#### MATERIAL PROVIDED ####

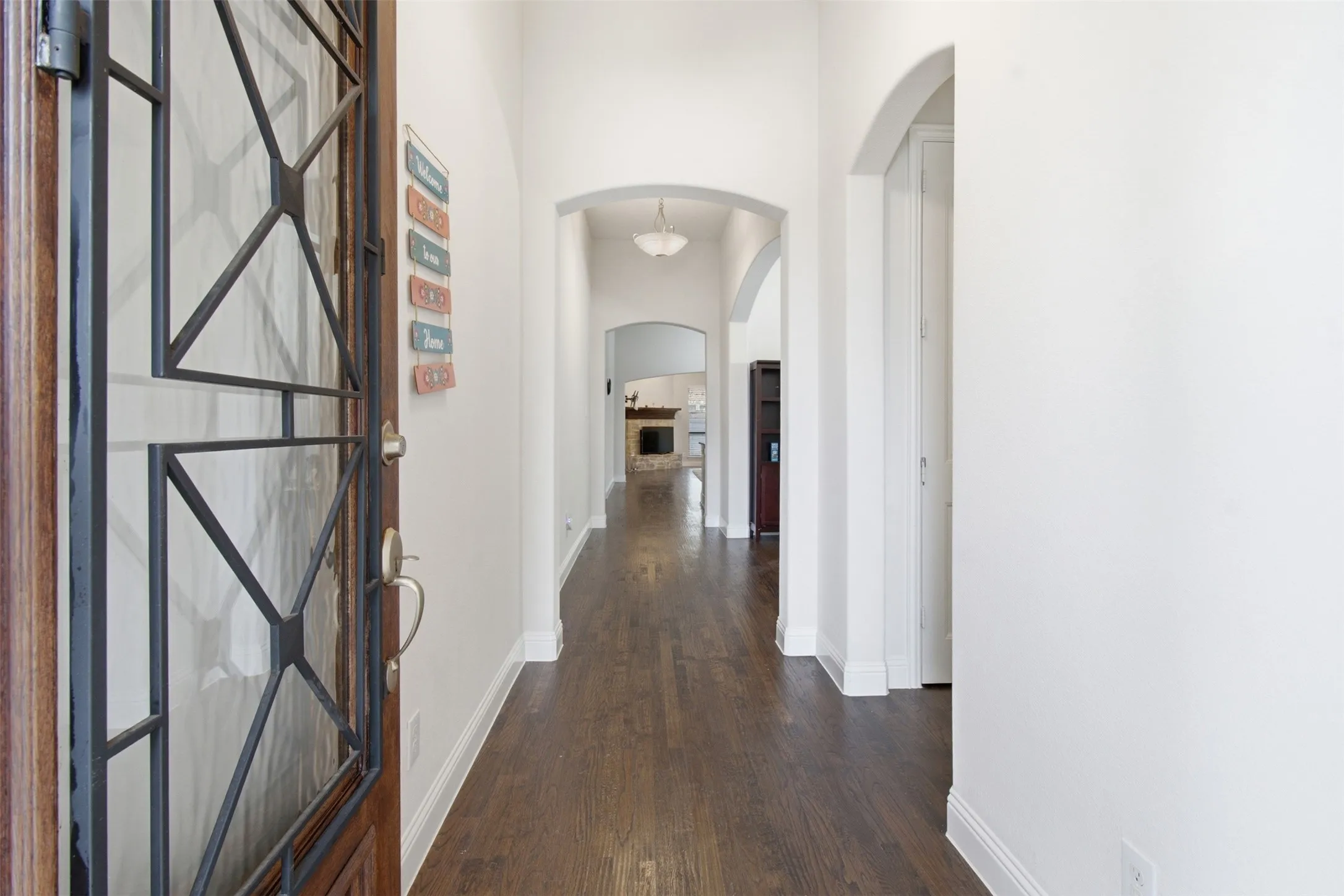 Single Family Residence For Rent in Denton County , 4500 Canopy Street, Little Elm, Texas 76227, 4 Bedroom, 3 Bathroom, 2 Garage spaces, 2,249 Sqft, built in 2017, Price $2,800, mls#21363581, Real Estate Agent in Little Elm, Homes For Rent in Denton county, Homes For Rent in Little Elm, Realtor in Little Elm Texas, Real Estate Brokerage Independent Realty Texas, Luminita Cordes Realtor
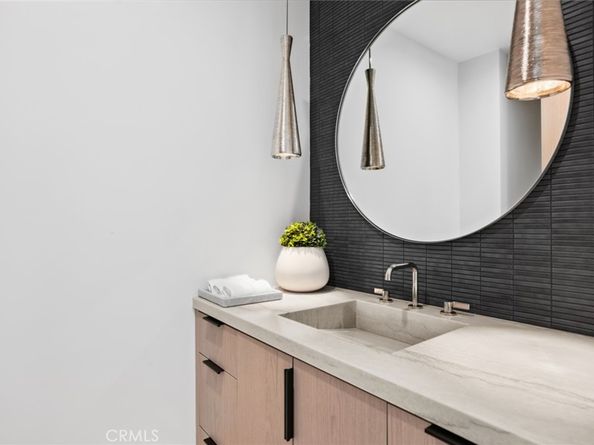 2501 Seaview Ave, Corona Del Mar CA 92625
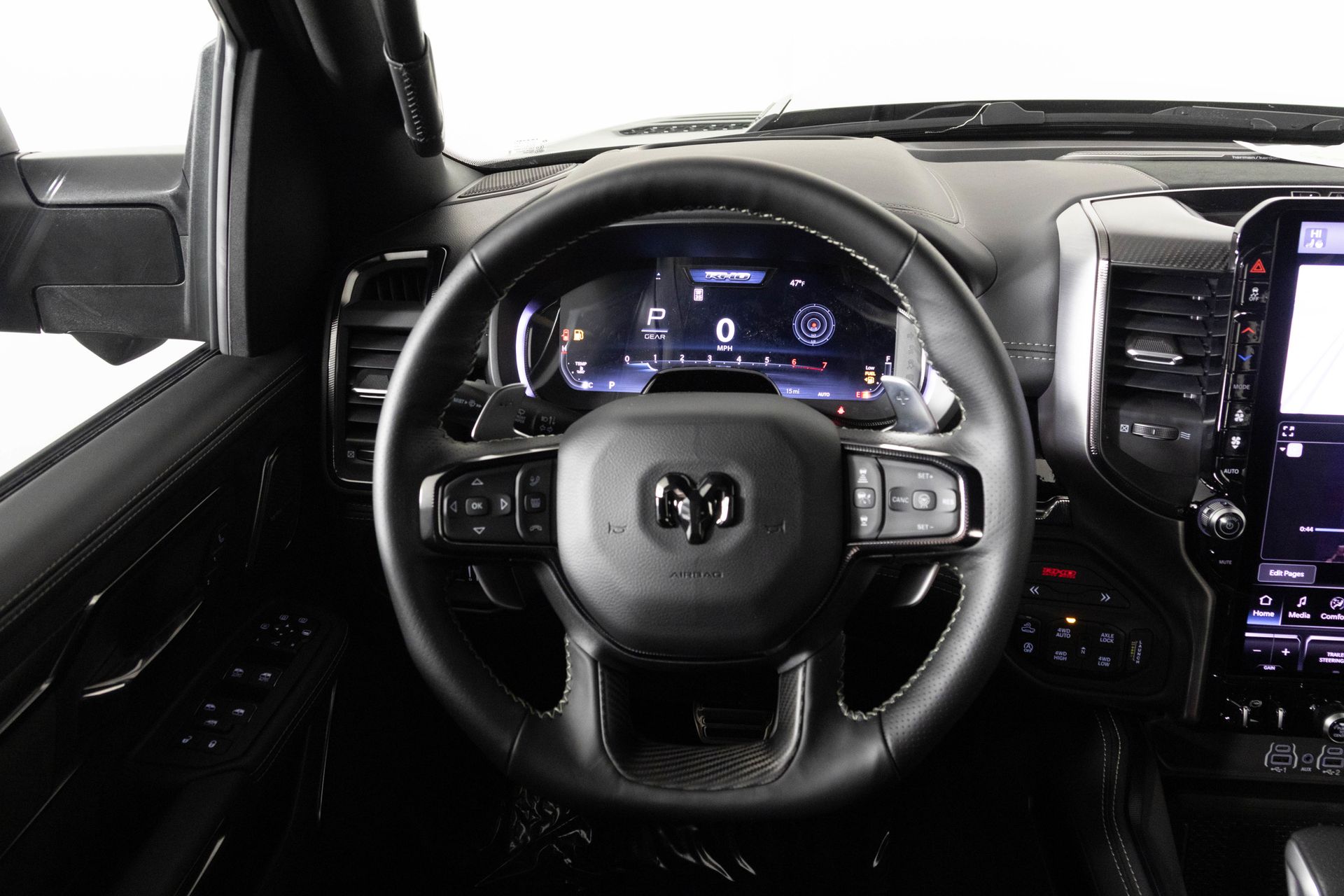 2026 RAM 1500 - Image 27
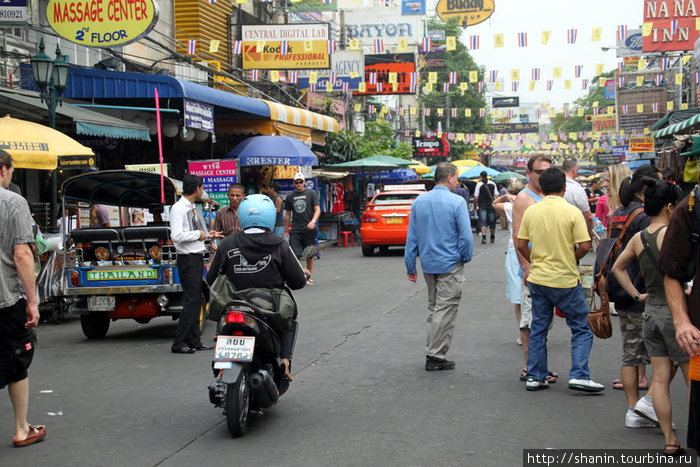 На улице Кхаосан Роад Бангкок, Таиланд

####

• [PROBLEM REQUIREMENTS]: Copy all the material word for word, minus its pictures.

• [EXERCISE ANSWER]:
 Single Family Residence For Rent in Denton County , 4500 Canopy Street, Little Elm, Texas 76227, 4 Bedroom, 3 Bathroom, 2 Garage spaces, 2,249 Sqft, built in 2017, Price $2,800, mls#21363581, Real Estate Agent in Little Elm, Homes For Rent in Denton county, Homes For Rent in Little Elm, Realtor in Little Elm Texas, Real Estate Brokerage Independent Realty Texas, Luminita Cordes Realtor
 2501 Seaview Ave, Corona Del Mar CA 92625
 2026 RAM 1500 - Image 27
 На улице Кхаосан Роад Бангкок, Таиланд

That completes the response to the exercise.